While I was still ‘discussing’ the matter she-human went pale and smacked herself in the face. Rather charming I have to confess, although I prefer to do the smacking myself. So I inquired the reason for such odd behaviour. She explained that in those role playing games she not only pretended to be a vampire but also a dwarf (which I found disgusting) and an orc! I had to sit down right then. It was a very special moment for both of us (I see her becoming Mrs. Thrakbog No. 5 – at least I think it’s No. 5.) But her reason for going pale was rather less pleasurable. She played an orc and woops- here I am, a creature she never assumed would exist. What if the vampires then…? You get it. Hehe. So if I got through a portal into this world why not a vampire? And then my idea of a christmas tree-glittery vampire will become reality. I am a prophet. Very much into the christmas spirit, ain’t I?

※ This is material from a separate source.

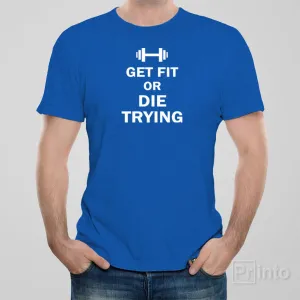 Get fit or die trying - T-shirt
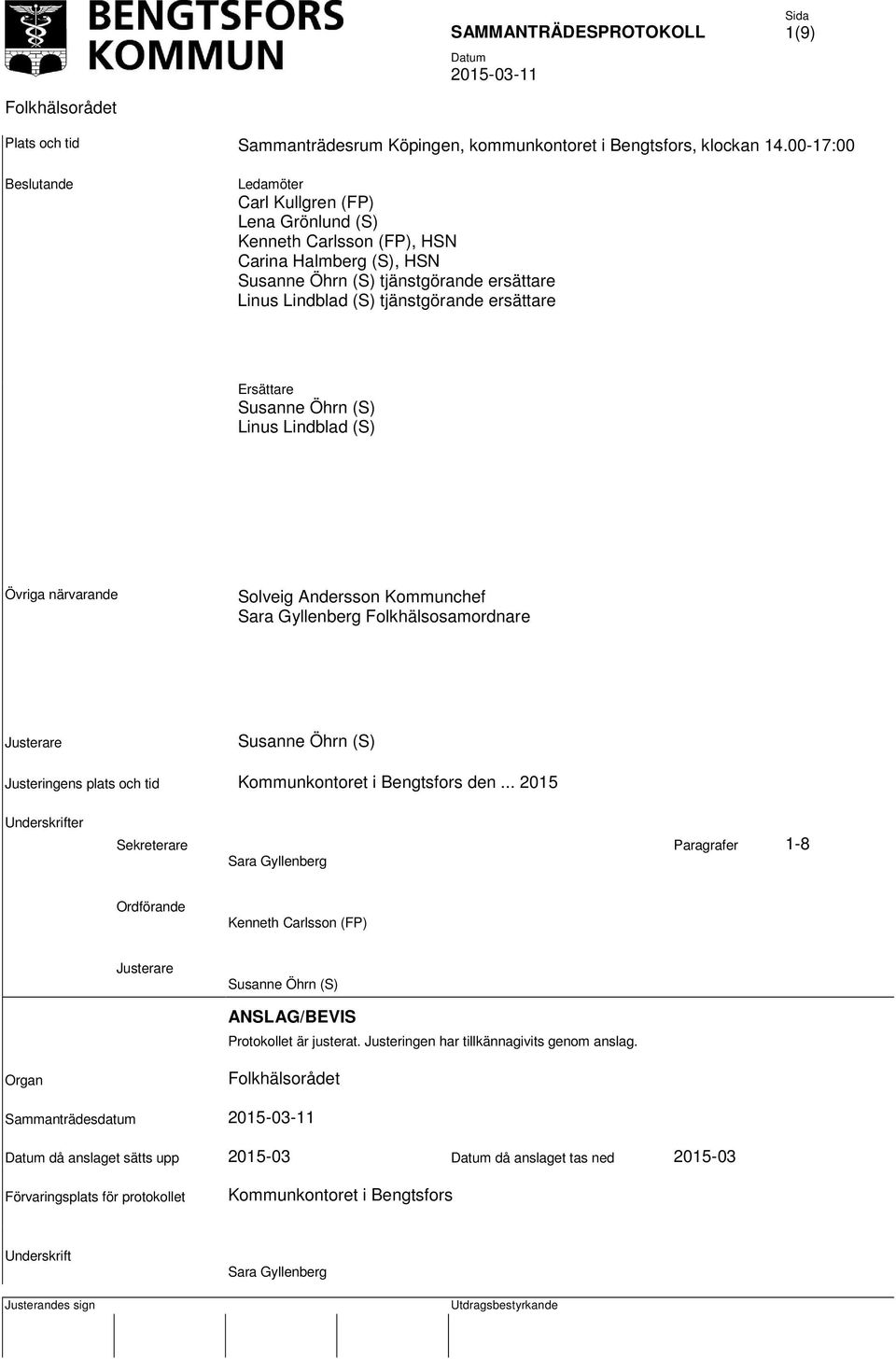 Ersättare Susanne Öhrn (S) Linus Lindblad (S) Övriga närvarande Solveig Andersson Kommunchef Sara Gyllenberg Folkhälsosamordnare Justerare Susanne Öhrn (S) Justeringens plats och tid Kommunkontoret i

Please forgive me for not sharing anything with you for the last couple of days. No, wait, why am I apologizing? I am an orc, we don’t do something like that. This human stuff is rubbing off on me in more than one way. The thing is: I had the flu. Again. (see last post) Never before in the 30 years I’ve haunted this world or any other did I have such an annoying illness. Being sick in any form is incredibly unorcish. The other members of the tribe would not let you live if they sensed a weakness. So in my world the flu would definitely be lethal. There is a strange thing about humans that they seem to care a lot for those who would not make it on their own otherwise.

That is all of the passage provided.